- Enbridge warns McGuinty on natural gas

Fluctuating electricity policies in Ontario have disrupted markets beyond the electricity sector and created confusion and uncertainty in much of the energy business, a senior executive of Enbridge Inc. said yesterday.

Stephen Letwin, group vice-president of gas strategy and corporate development for the Calgary-based pipeline giant, also warned the new Ontario government that Canada's biggest pipeline company would resist having natural gas manipulated to hold down the price of electrical power.

The province's aborted electricity deregulation and privatization ``stifled energy investment across the board," Letwin said.

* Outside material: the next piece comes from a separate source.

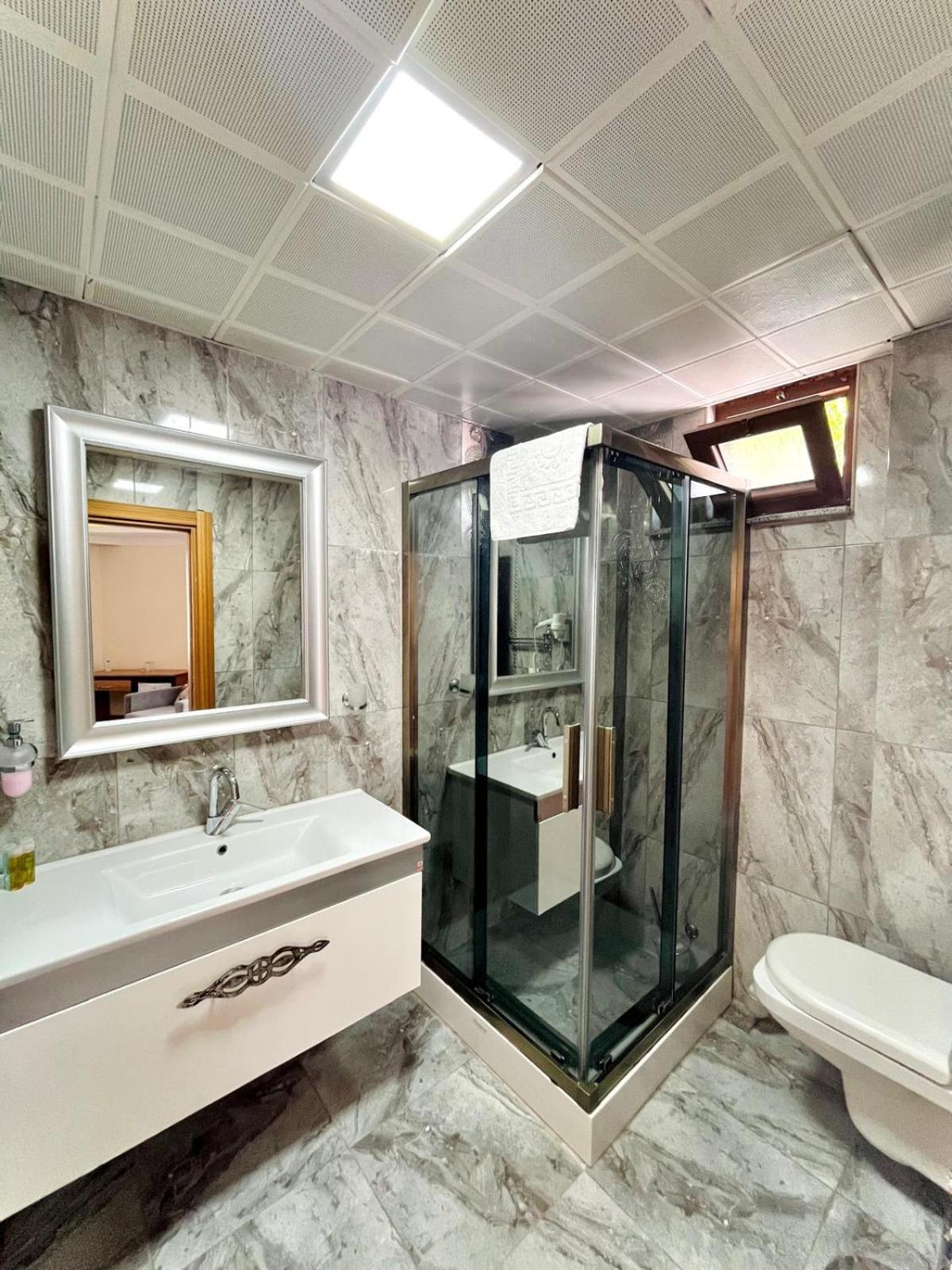 Mari Pembe Otel มาร์มารา อดาซี ภายนอก รูปภาพ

Under the just-defeated Conservative government of Ernie Eves, ``energy policy has been volatile, to say the least," said Letwin, who oversees Enbridge Gas Distribution, formerly Consumers Gas, the dominant gas distributor in Ontario with 1.6 million customers in the province.

In particular, he cited Eves' decision last November to cap retail electricity rates at 4.3 cents per kilowatt-hour — well below the prevailing market price, with the province paying the difference.

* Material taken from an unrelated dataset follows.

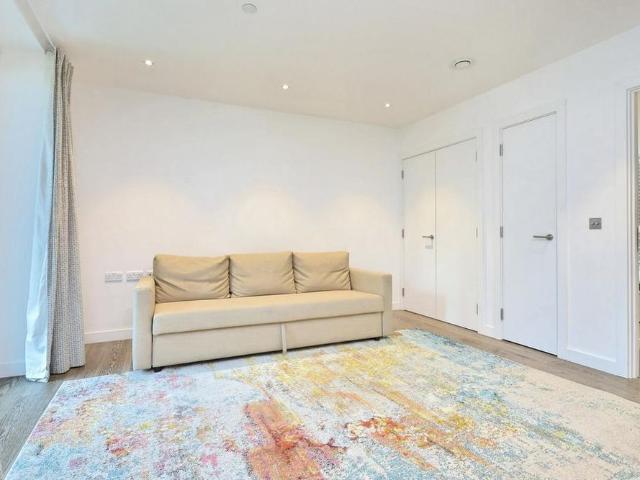 Apartment for rent in London Borough of Camden, Greater London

It's estimated that policy has cost the province more than $600 million in subsidies to consumers to keep prices capped.

While the Liberals led by Dalton McGuinty appear to be focusing on education and health care rather than energy policy, Letwin suggested in a presentation to investors the new government might move quickly to accelerate the conversion of coal-fired electricity generating plants to natural gas.

"Natural gas, of course, is priced with the market. It becomes an interesting scenario between how much natural gas you want to divert to electricity generation when you're subsidizing the prices," he said.

"That's a big issue with us, obviously, because we don't want our natural gas franchise subsidizing electricity rates."

Letwin noted that throughout the Aug. 14 electricity blackout and the 10-day period of emergency that followed in Ontario, "natural gas flowed to your home.

"In fact, we only had one small compression problem during that entire time."

And despite the electricity price cap and volatile gas prices over the past year, "we continue to be very competitive."

He also said the Ontario Energy Board and other regulators have a "consumer-protection bias" and "I'd be realistic in saying it's going to be a couple of years before we get to what I would call an acceptable performance-based regulatory regime."

Enbridge is one of Canada's biggest energy services companies, with operations in oil and liquids pipelines, natural gas pipelines and gas distribution.

The company, which owns the major oil pipeline that brings western Canadian crude to eastern markets, generated revenues of more than $4.8 billion and profits of $610 million last year.

Enbridge employed 3,870 people at the end of 2002, down from 6,000 the previous year before the company began divesting non-core businesses.